- Records provided -
☆ ☆ ☆ ☆ ☆

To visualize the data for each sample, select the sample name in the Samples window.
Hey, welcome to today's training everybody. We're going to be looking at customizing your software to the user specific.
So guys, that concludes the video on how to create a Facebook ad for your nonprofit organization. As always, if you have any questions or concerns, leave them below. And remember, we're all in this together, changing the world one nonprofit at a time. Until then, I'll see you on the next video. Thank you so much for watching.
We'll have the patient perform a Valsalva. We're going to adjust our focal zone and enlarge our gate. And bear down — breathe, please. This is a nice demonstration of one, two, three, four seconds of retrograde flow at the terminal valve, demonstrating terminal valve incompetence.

☆ ☆ ☆ ☆ ☆

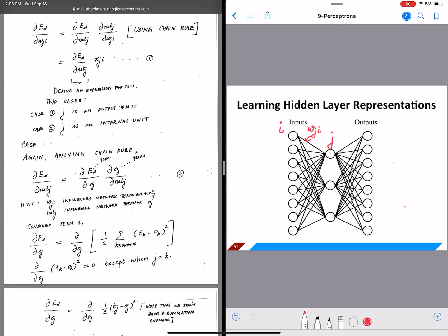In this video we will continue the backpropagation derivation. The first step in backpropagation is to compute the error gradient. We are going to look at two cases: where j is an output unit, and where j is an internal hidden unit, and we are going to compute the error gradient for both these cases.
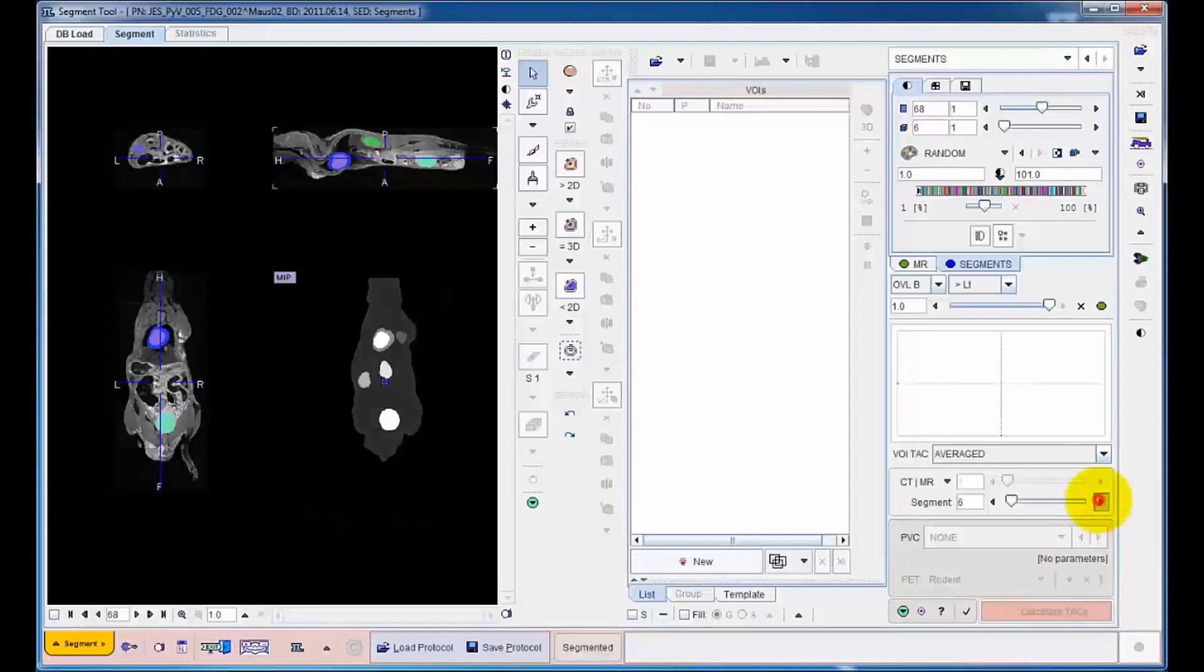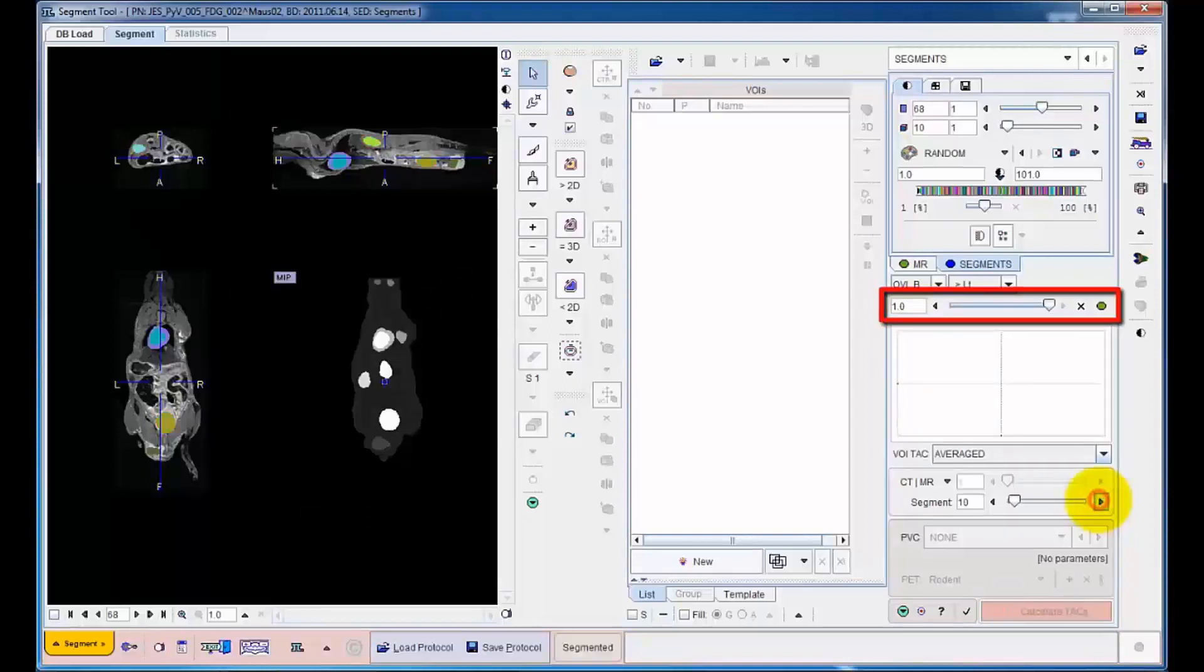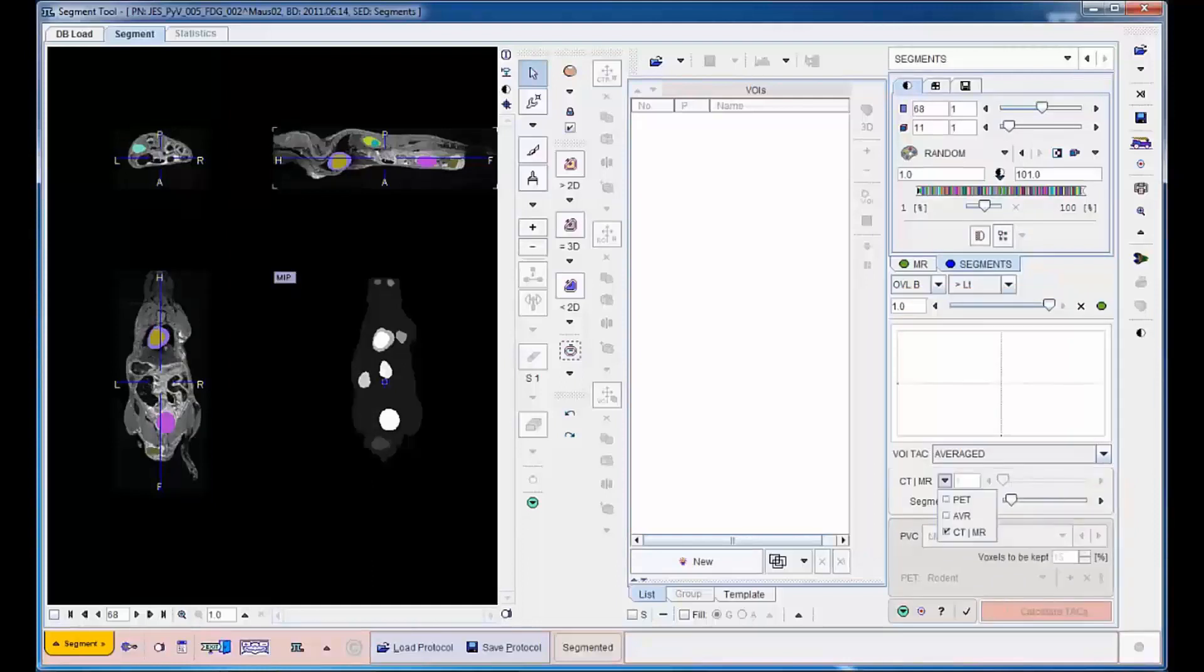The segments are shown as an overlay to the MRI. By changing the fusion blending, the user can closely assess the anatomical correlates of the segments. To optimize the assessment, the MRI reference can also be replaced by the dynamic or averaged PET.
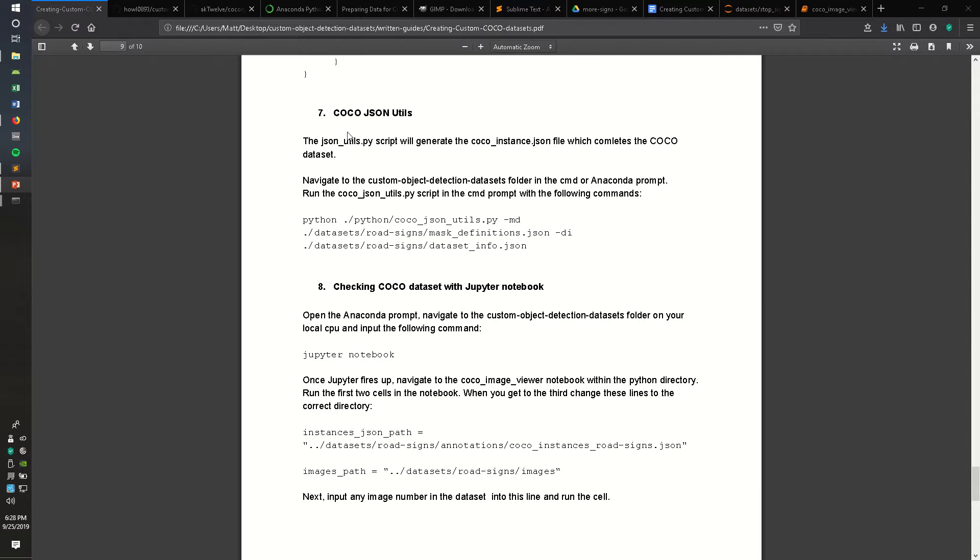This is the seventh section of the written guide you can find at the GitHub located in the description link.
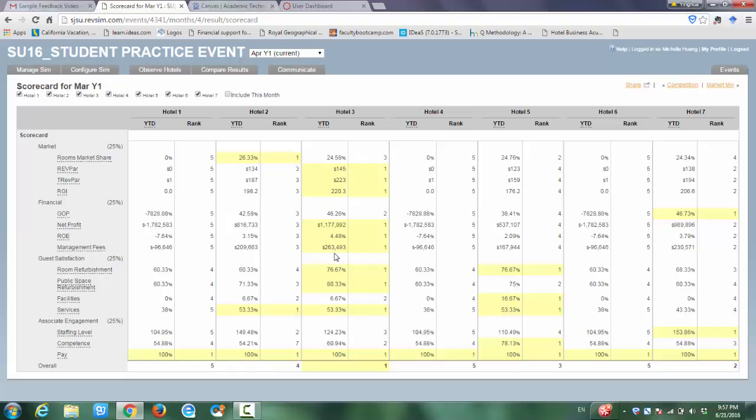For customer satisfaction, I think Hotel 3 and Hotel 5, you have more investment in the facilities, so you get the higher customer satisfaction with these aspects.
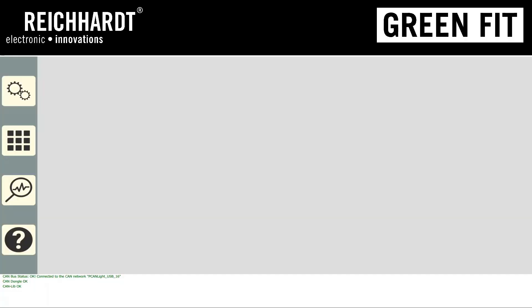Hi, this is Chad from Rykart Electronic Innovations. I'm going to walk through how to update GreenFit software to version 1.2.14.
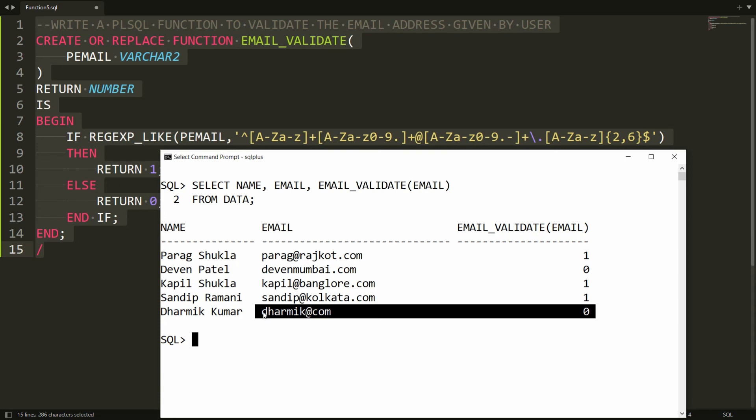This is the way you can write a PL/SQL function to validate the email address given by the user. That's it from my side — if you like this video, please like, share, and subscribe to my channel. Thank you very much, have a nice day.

☆ ☆ ☆ ☆ ☆

- Task objective -
All that should appear in the answer is the lines above from the line with "This is the seventh" through the line with "Hi, this is", retyped exactly, pictures left out.

- Exercise output -
This is the seventh section of the written guide you can find at the GitHub located in the description link.
For customer satisfaction, I think Hotel 3 and Hotel 5, you have more investment in the facilities, so you get the higher customer satisfaction with these aspects.
Hi, this is Chad from Rykart Electronic Innovations. I'm going to walk through how to update GreenFit software to version 1.2.14.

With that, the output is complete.